Dirty Rotten Scoundrels

Dirty Rotten Scoundrels
Book by Jeffrey Lane. Music and Lyrics by David Yazbek. Rockdale Musical Society (NSW). Rockdale Town Hall. March 11 – 19, 2011.

Take a good, conventional musical comedy, add a liberal serving of naughty bits, and that’s Dirty Rotten Scoundrels.

The greatest joy of Dirty Rotten Scoundrels for me is seeing something new – a relatively successful American musical, which played a respectable 626 Broadway performances between 2004 and 2006, without attracting a professional production here. While Melbourne got a one-week Production Company staging, it’s taken an enterprising musical society to give Sydney its first taste.

Director Jay James-Moody has come up with a lively, well-paced, attractively dressed production for the occasion.

The musical is based on the 1988 Steve Martin and Michael Caine film, featuring two con men making a living by duping American ladies on the French Riviera, and their wager to see who can extract $50,000 from an apparently sweet, unsuspecting young heiress.

A top-notch orchestra at Rockdale kicks the show off with a big Broadway sound, sustained from the opening notes of the overture to the final chord of the playout.

One qualification here. At times the balance with underscored dialogue needs adjustment, particularly one-liners delivered by ensemble members. Whether it’s a question of amplification, or the need for more precise timing and projection, with an unknown show, the loss of exposition early on, and, I’m told, some nice humour, is disappointing.

Rockdale’s production features an experienced core principal cast of six.

Debonair, sophisticated, egotistical Lawrence Jameson is a role thatfits 40 year Sydney musical society stalwart Christopher Hamilton like a glove. I’ve rarely seen him in better form, giving a slick, assured, wry comic performance, delivering the musical portions of the role with panache, and capturing the odd vulnerable moment sympathetically.

Max Newstead’s scruffy, down-market Freddy Benson provides a terrific contrast and foil. While Hamilton delivers urbane characterisation and comedy with a dash of the NoëlCoward, David Niven and Henry Higgins to it, Newstead’s Freddy is a far earthier, slapstick, low comedy clown.

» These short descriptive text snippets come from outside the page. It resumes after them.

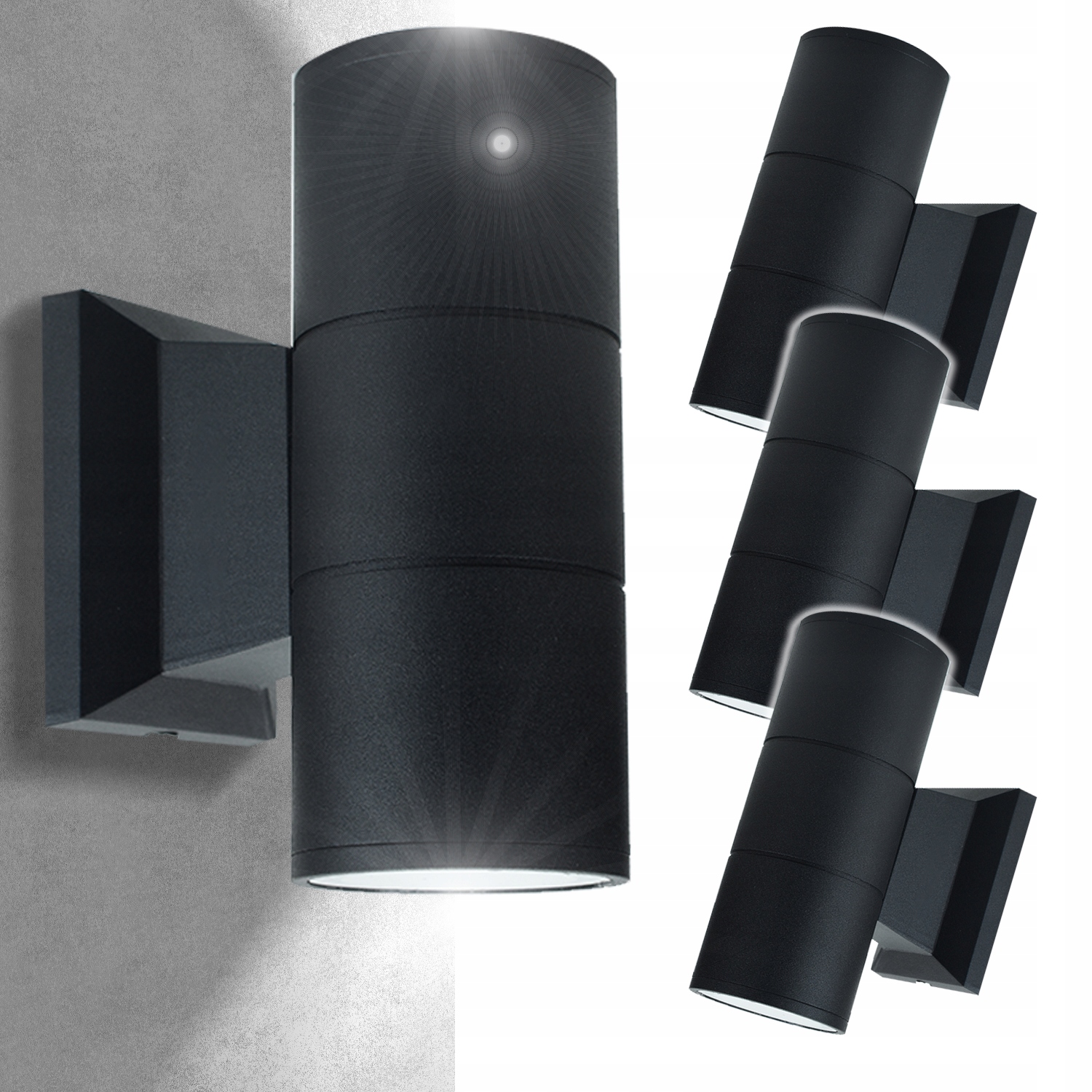 4x Vodotěsná venkovní nástěnná lampa IP44 Dekorativní zahradní terasová lampa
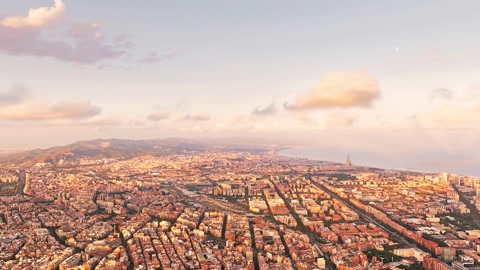Coastal city at sunset — Stillmotion
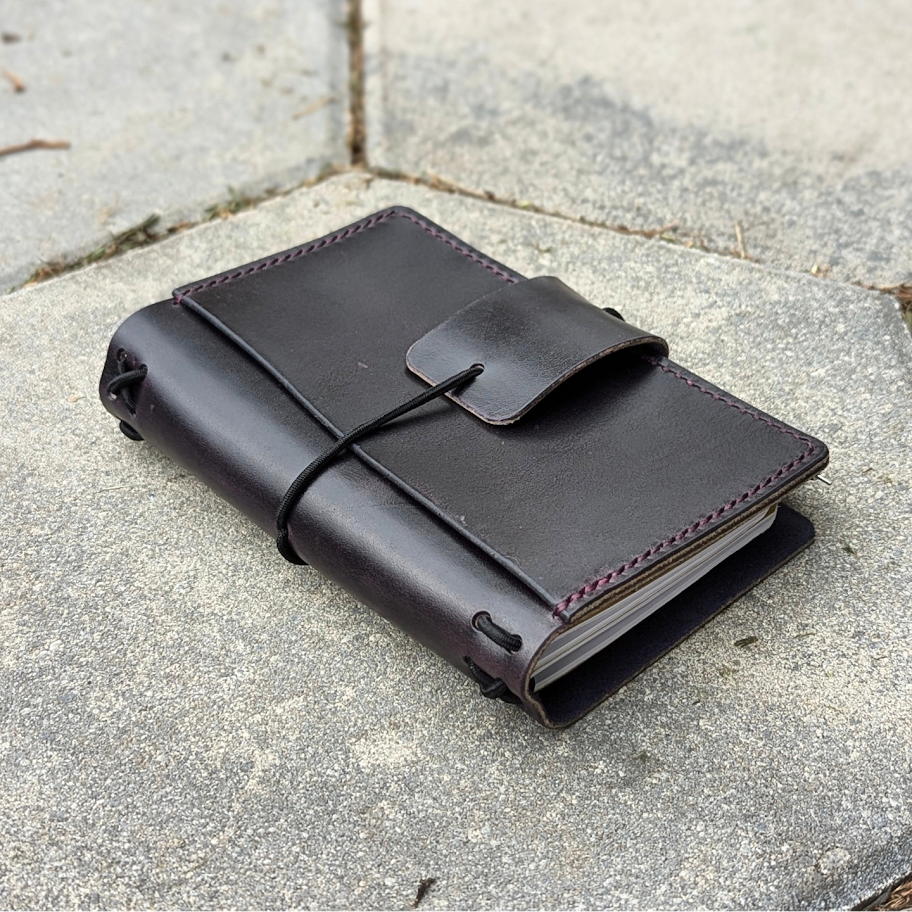 Pocket Traveller's Refillable Notebook | Eggplant Purple 'Live Edge' #15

The chemistry in the counterbalance and repartee between these two performances drives the show along splendidly.

Michele Lansdown, sultry and very funny as Jameson’s most recent conquest, really pulls off a very engaging mature sensuality as rich American woman Muriel Eubanks. Michele is one of the enduring treasures of the Sydney community musical theatre stage, where few can Broadway Belt out a showtune better. (A pleasing note for the future in Michele's big number ‘What Was a Woman to Do’ - female ensemble members made a great deal of their supporting cameo opportunities, each building a shared rolling gag to a final punch line, and terrific final cameo, that I don't wish to spoil.)

Petite, dynamic Jessica Burns combines comic and vocal talents, an acting range stretching from innocent vulnerability to bold and brazen, and a genuine charm, to make leading lady Christine Colgate appealing and engaging.

Jolene Oakes, bold and brassy as an heiress from Oklahoma, punches out her supporting role with great zest. Patricio Ulloa plays the night’s more thankless role of Andre Thibault, corrupt local police officer and off-sider to Jameson, confidently and effectively.

One special feature that impressed - the show frequently calls on principals to break the fourth wall and deliver a joke to the audience, which they do impressively.

Director / Designer Jay James-Moody has come up with an effective, attractive unit set incorporating moving parts and staircases, which adapts to become most of the play’s locations with most changes visible.  A very familiar old-fashioned mid stage drop curtain, though, seemed to belong to a different staging convention, and brought on a case of multiple déjà vu.

Props, mostly appropriate, attractive and in period, supplemented the set, though on a stage where the audience looks up from a flat floor, miming an imaginary roulette wheel in the table top would sustain the illusion more effectively than theparty style wheel, protruding above the table, which is used.

In any set with low tech moving parts, mishaps can halt the show, and on one occasion on opening night the leading man, with great presence of mind, crossed the stage to give the set the final shove needed to get things back in motion.

Joel Duffy’s choreography had an appropriately bright, lively musical comedy style, though enthusiastic performance was its strength, rather than absolute precision and drill. While energy and enthusiasm count for a great deal, tight, consistently synchronized ensemble arms, for instance, would have added the edge on a number of occasions.

Minor niggles aside, Rockdale’s Dirty Rotten Scoundrels is a very entertaining evening of community musical theatre, while the show itself is a delightful, fresh addition to the repertoire.